From this I gather that I must test my Boilers to three times working pressure, so I now test to 90psi instead of 60psi.
Hi Gerald,
That is a very generous exemption as a few of the smaller locomotives could be built full scale with that limit.

I never thought to look for toy regulations thanks for the idea.
I am in BC and we have similar regulations, we fall under miniature boilers one size above toy. This covers most of our boilers we make for Shay, 0 4 0, 0 6 0 and Pacific boilers, in 1 1/2 inch scale. The boiler guy from BC boiler regs, was just at the shop and is giving us appropriate forms for traceability of each part, lot numbers ect., if it is going into the USA it is diffrent from state to state but most require an "s" stamp and a current hydro test before they can operate there. We test to 120lbs


Nice bit of information.

To any budding boiler maker out there, no matter what part of the world you come from. The onus is on the individual to make and to get tested his own boiler to comply with whatever governing body you fall under.

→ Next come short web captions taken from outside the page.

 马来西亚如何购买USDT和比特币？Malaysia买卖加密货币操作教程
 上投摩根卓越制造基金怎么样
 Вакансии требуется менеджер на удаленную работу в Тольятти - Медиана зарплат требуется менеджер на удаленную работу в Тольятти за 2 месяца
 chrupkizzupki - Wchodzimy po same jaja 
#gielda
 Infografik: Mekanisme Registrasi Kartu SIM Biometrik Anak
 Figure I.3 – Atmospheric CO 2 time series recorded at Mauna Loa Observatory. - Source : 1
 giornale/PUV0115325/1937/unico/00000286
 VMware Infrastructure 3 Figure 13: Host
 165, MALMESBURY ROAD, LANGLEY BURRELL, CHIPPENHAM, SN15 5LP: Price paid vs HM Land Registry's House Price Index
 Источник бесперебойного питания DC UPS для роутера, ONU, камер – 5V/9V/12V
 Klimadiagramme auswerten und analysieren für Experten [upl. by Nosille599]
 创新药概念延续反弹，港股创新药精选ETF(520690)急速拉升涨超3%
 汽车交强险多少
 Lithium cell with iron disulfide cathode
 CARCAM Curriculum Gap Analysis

If an accident happens, pleading ignorance and saying you couldn't find the legislation will leave you wide open for having the weight of the local officialdom drop straight down on your head.

If you follow the rules, then you shouldn't have too much to worry about, as you will know your boiler has been tested and certified to local legislation, and as long as you are not silly in how you operate it, your a**e should be covered by the relevent test certificates and personal insurance. Just remember, all the members of your family are classed as third party as well, hurt them, and they can take you for everything you've got, no matter how much they say they love you.

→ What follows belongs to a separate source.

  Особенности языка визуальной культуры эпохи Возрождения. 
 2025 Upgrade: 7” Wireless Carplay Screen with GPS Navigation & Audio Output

A few million bucks lawsuit isn't what you want, chasing you around for the rest of your natural.

Another thing you should really consider is third party insurance. Mine is done automatically thru a local club, and for a measly just over 25 squid a year, I am covered up to 5 million squid, and even though I don't do live steam any more, I still keep it up, as if a visitor to my shop has an accident whilst in there, I have that covered as well.

This is who covers mine in the UK.

I've seen several references to boiler making, insurance, liability, etc.

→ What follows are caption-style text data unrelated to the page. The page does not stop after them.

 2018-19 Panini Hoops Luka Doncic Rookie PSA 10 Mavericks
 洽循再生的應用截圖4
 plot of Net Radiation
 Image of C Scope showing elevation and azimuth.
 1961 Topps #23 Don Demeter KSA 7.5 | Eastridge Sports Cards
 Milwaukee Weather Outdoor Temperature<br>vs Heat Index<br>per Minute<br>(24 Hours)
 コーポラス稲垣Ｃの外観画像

We 'are' just talking about liability when the boiler is used in a 'public' setting aren't we?

And by public I mean used by any one other than the maker....including the display in a public setting.

Or to be more dream is to build a loco for tooling around the garden. I wouldn't think I need to be bothered by the 'officials' if this is for my own pleasure.

I'm not suggesting that the standards or specifications set by such 'officials' should be ignored. I'm just wondering about the need to involve said 'officials'.

I'd appreciate any clarification here.

In insurance terms, a public place is anywhere where another person can come into contact with what you are doing, that even covers your workshop, kitchen or back yard. You are the first party (the nasty), everyone else in the world is third party (the innocent). Nasty hurts innocent, nasty is to blame. Nasty, or his insurance company, has to pay for the pain and suffering of the innocent.

But like everything else, if you don't pay the money, you takes your chance. That is your decision alone.
In the UK, even if you want to sail a small pond yacht, or even roller skate around the block, by law, if it is in a 'public place' you should really have public liability insurance. But most times that minor infraction is ignored, and common sense takes over, as most household insurances will cover those sorts of things to a small degree.

I am even supposed to have insurance for my mobility scooter, on the odd occasion I might hit a 40 ton wagon and push it off the road.